Dentre todos os atrasos sociopolíticos do Brasil que carregam resquícios do período colonial, o racismo se evidencia pela forma como ainda está presente na sociedade. Segundo o IBGE (Instituto Brasileiro de Geografia e Estatística), 51% dos brasileiros são negros e mestiços. Pode parecer paradoxal haver racismo em um país predominantemente negro e mestiço, entretanto, o preconceito, neste caso, é um fenômeno histórico que não se extinguiu, mesmo após a abolição da escravidão e o avanço da ciência.

No livro “Ensaio sobre a Desigualdade das Raças Humanas”, 1853, o escritor racista francês, Arthur de Gobineau, afirmou: “Se uma leve mistura da espécie negra desenvolve inteligência na raça branca, tornando-a mais imaginativa, artística, dando-lhes umas asas maiores, ao mesmo tempo, enfraquece o poder do raciocínio da raça branca, diminui a intensidade das suas faculdades práticas; é um golpe irremediável nas suas atividades e no seu poder físico e quase sempre elimina, do grupo resultante desta mistura, senão o direito de brilharem mais claramente que os brancos e pensarem mais claramente que os brancos e pensarem mais profundamente, pelo menos de o tentarem com paciência, tenacidade e sabedoria.”

Além de Gobineau, outros teóricos adeptos ao darwinismo social influenciaram a visão negativa da miscigenação, sob a justificativa que o negro deterioraria a raça branca. Nesse contexto, criou-se, em 1863, nos Estados Unidos, a Lei Antimiscigenação, proibindo a realização de casamentos inter-raciais. No Brasil, também durante o século XIX, o governo realizou políticas de Estado que incentivavam a imigração de europeus para o país, a fim de aumentar a quantidade de indivíduos brancos, branqueando e purificando a população. Tanto o darwinismo social, quanto a política de branqueamento da população, apesar de serem do século XIX, influenciaram o século XX.

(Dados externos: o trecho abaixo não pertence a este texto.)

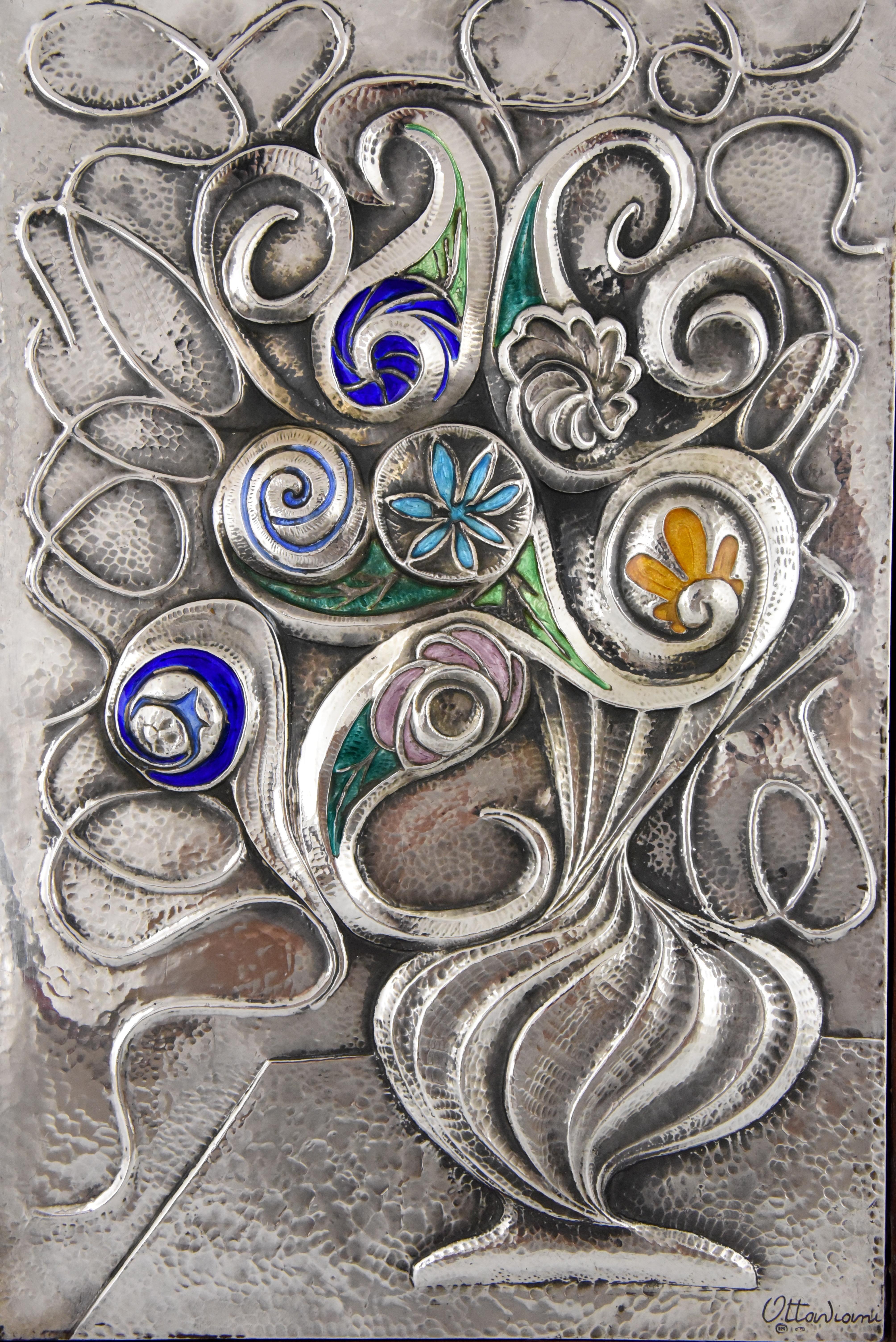 Fine Mid-Century Modern enamelled sterling silver wall decoration by the Italian artist Ottaviani picturing a flower vase in the original wooden frame, circa 1960. Signed and with hallmark.

Ottaviani (1945) is a jewelry and silver firm located in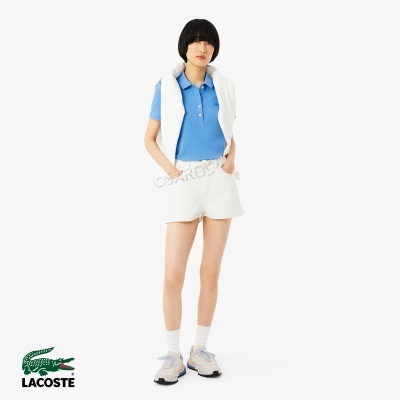 Mulher com polo azul, calções brancos e sapatilhas em fundo branco com logo Lacoste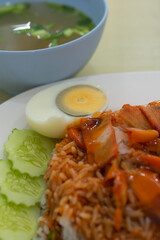 Barbecued red pork in sauce with rice
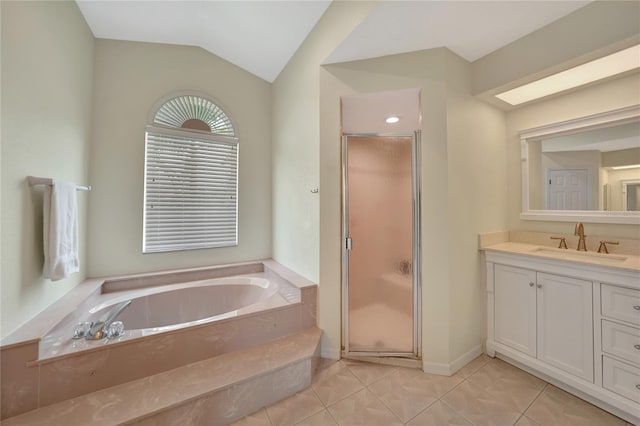 bathroom with independent shower and bath, vanity, lofted ceiling, and tile patterned flooring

Em 1930, em contraponto a visão negativa da miscigenação, Gilberto Freyre, no clássico “Casa Grande & Senzala”, romantiza a relação entre negros, índios e brancos, nos primórdios da história do Brasil, dizendo não ter ocorrido grande violência entre eles, e sim, uma grande festa: “o europeu saltava em terra escorregando em índia nua”, disse. O ideal de confraternização entre as raças, deu origem a “Democracia Racial”, em defesa da inexistência de racismo no Brasil. Em entrevista à Revista Veja, Gilberto foi perguntado se o culto a mulata reafirma a democracia perfeita no país, ou representa uma atitude racista: “Perfeita, de modo algum. Agora, que o Brasil é, creio que sem dúvida, a mais avançada democracia racial do mundo hoje, isto é. A mais avançada neste caminho de uma democracia racial”.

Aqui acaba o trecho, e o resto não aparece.